“I was talking—to Thomason. My back was turned. He seems to have gone out.” She looked about the room, even under the bed. She didn’t want Baron to see her eyes for a moment. “Such a quaint old gentleman—isn’t he?” she commented. She had moved away from the window. She had almost regained her composure now.

Baron’s brows contracted. He glanced toward the window at which she had been standing. In the depths of the room beyond he thought he could detect a movement. He was not sure.

“Do you and Thomason talk to each other—quite a little?” he asked. He tried to make his tone lightly inconsequential.

“That wouldn’t express it, so far as he is concerned. He won’t talk to me at all. I have to do all the talking.”

“And do you—feel quite confidential toward him?”

“Why, I think you might feel safe in talking to him. He doesn’t seem the sort that carries tales.”

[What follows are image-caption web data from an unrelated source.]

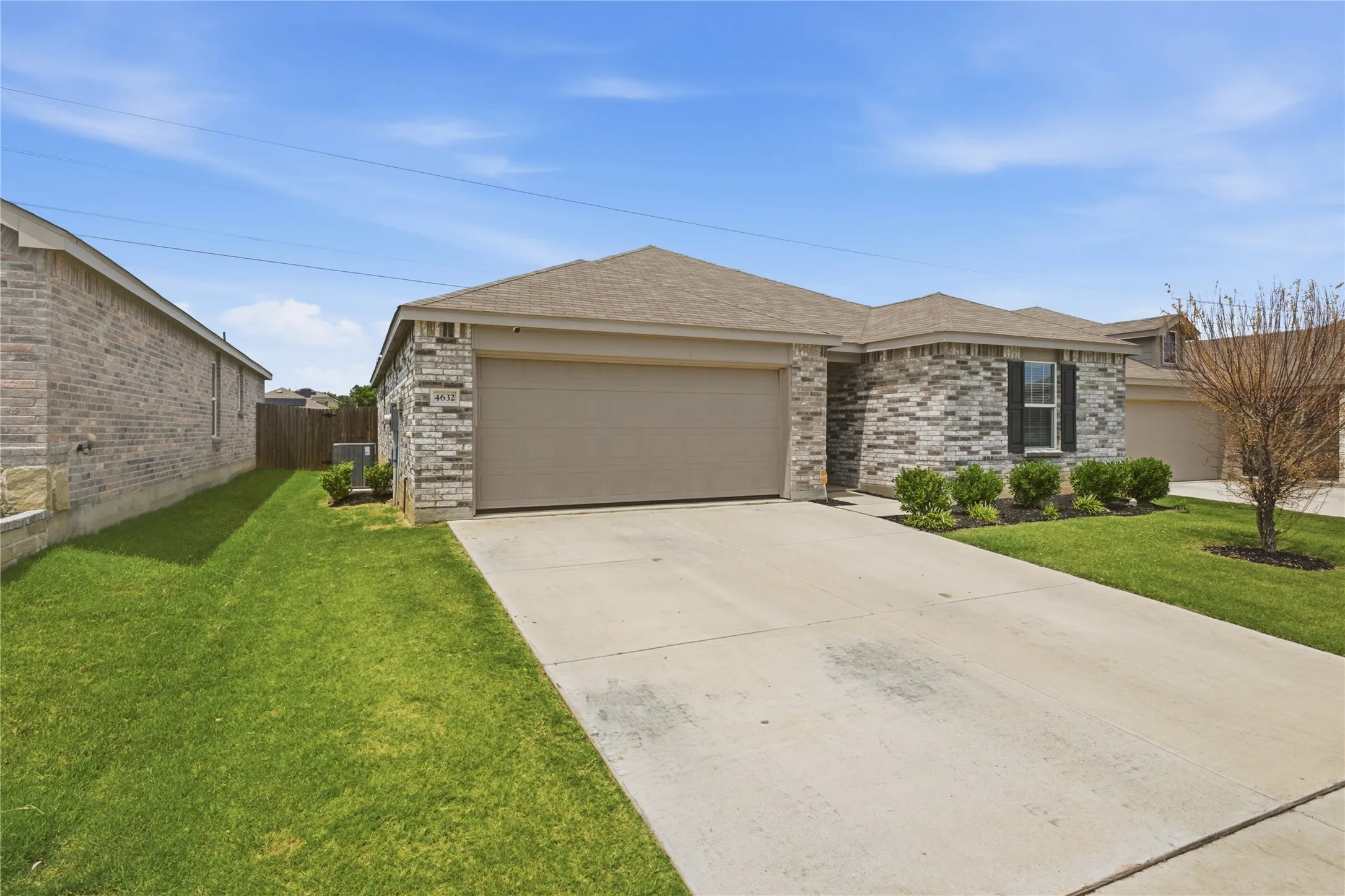 Single Family Residence For Sale in Tarrant County , 4632 Benham Drive, Fort Worth, Texas 76036, 3 Bedroom, 2 Bathroom, 2 Garage spaces, 1,431 Sqft, built in 2022, mls#21325853, Real Estate Agent in Fort Worth, Homes For Sale in Tarrant county, Homes For Sale in Fort Worth, Realtor in Fort Worth Texas, Real Estate Brokerage Independent Realty Texas, Luminita Cordes Realtor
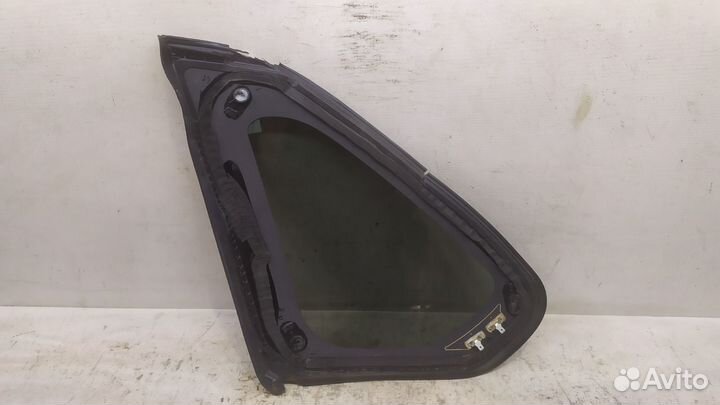 Стекло кузова заднее правое Toyota Rav4 XA50 2018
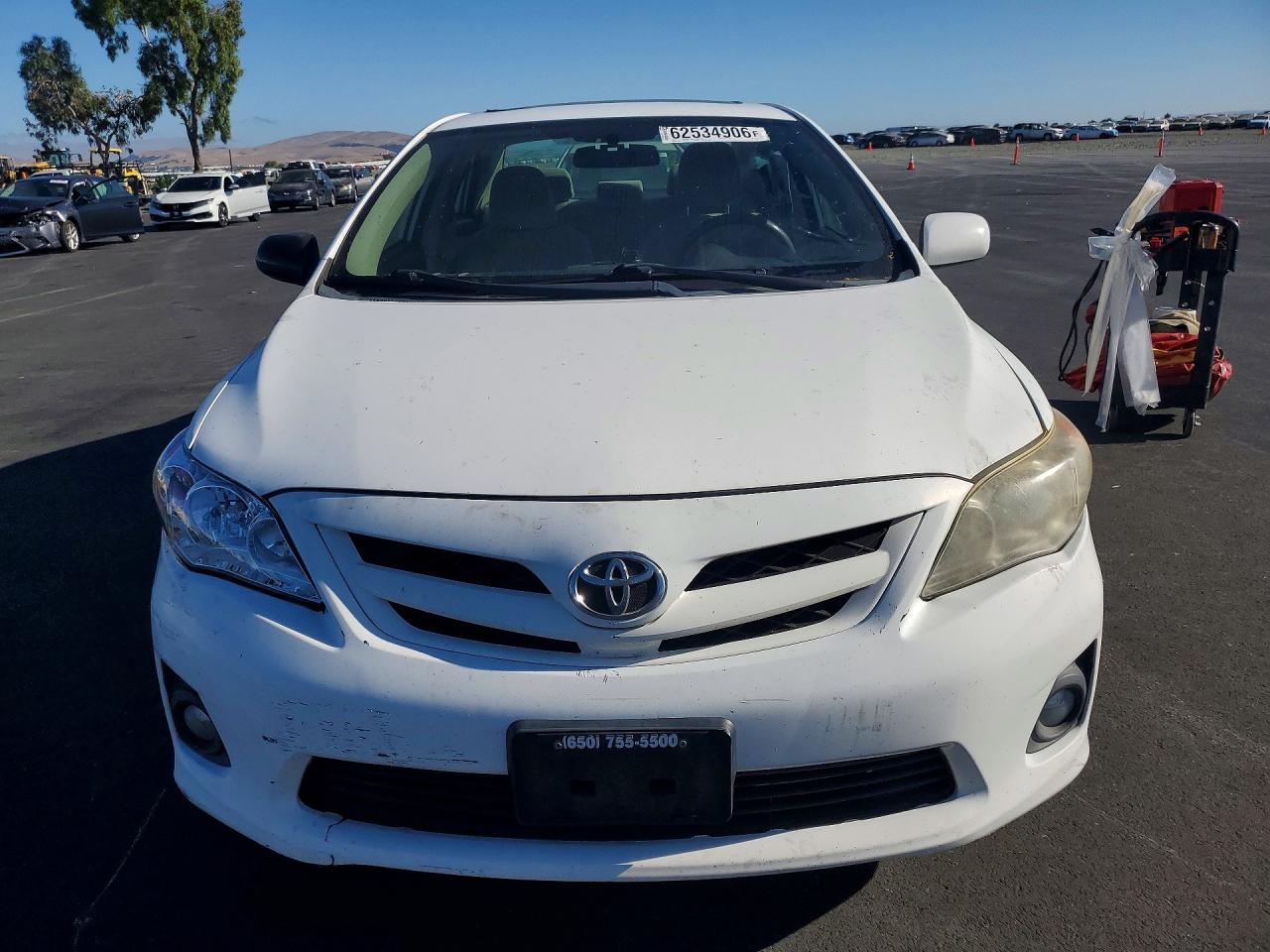 2011 Toyota Corolla Le Белый vin: 2T1BU4EEXBC558973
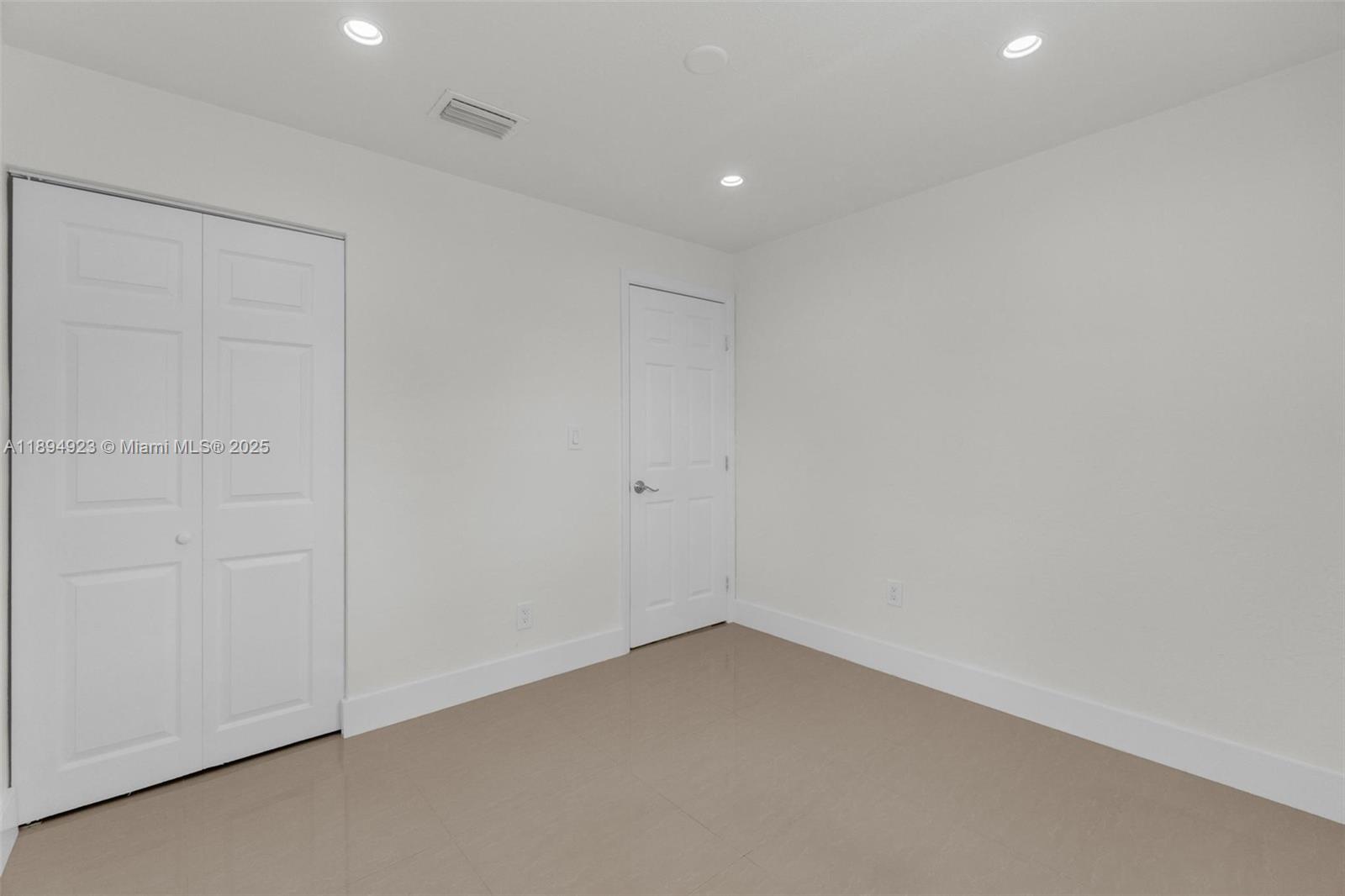 TROPICAL GARDENS ESTATES - Residential Lease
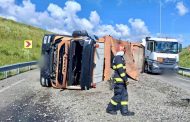 Accident rutier pe DN73, în Argeș! O autobasculantă este implicată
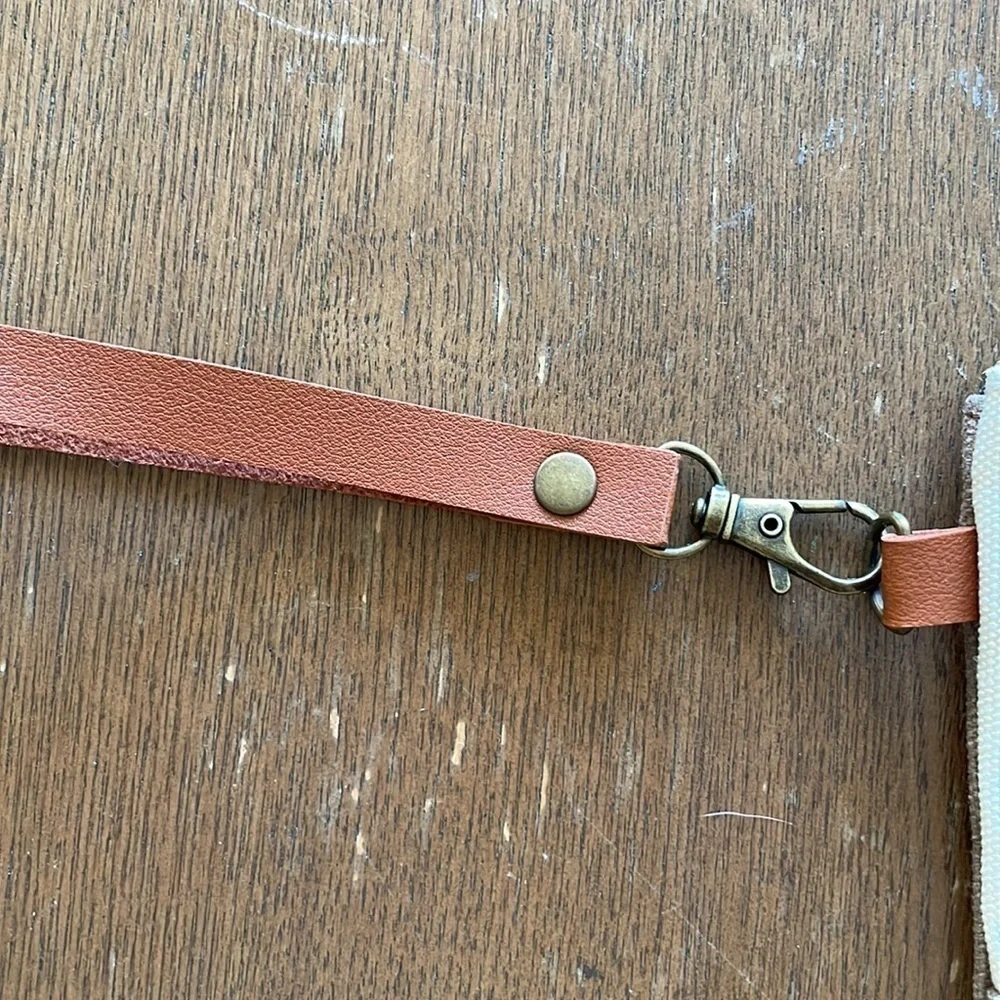 pretty simple wristlet / brand new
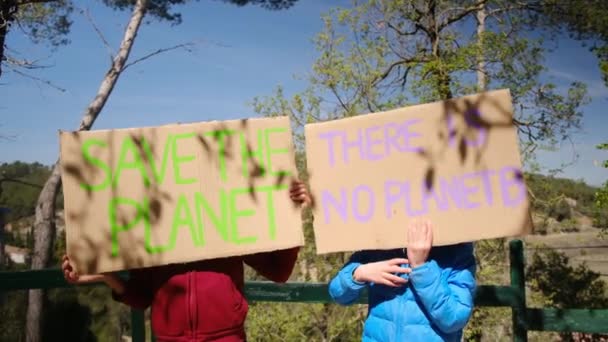 Niños Voluntarios Con Cartel Planet Niño Activista Infantil Sin Pancarta — Vídeos de Stock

Baron went to the window and looked out. He could see nobody. But when he confronted her again his expression was harsh, there was an angry light in his eyes.

“Bonnie May, you were talking to some one in the other house. You were mentioning Miss Barry. You weren’t talking to Thomason at all.”

She became perfectly still. She was now looking at him steadily. “I was talking to Thomason until he went out,” she said. “Then, as you say, I was ‘talking to some one in the other house.’ Why? Why not?”

The docility of the home life, the eagerness to be pliant and sweet, fell from her wholly. An old influence had been brought to bear upon her, and she was now Bonnie May the actress again. For the moment benefits and obligations were forgot, and the old freedom was remembered.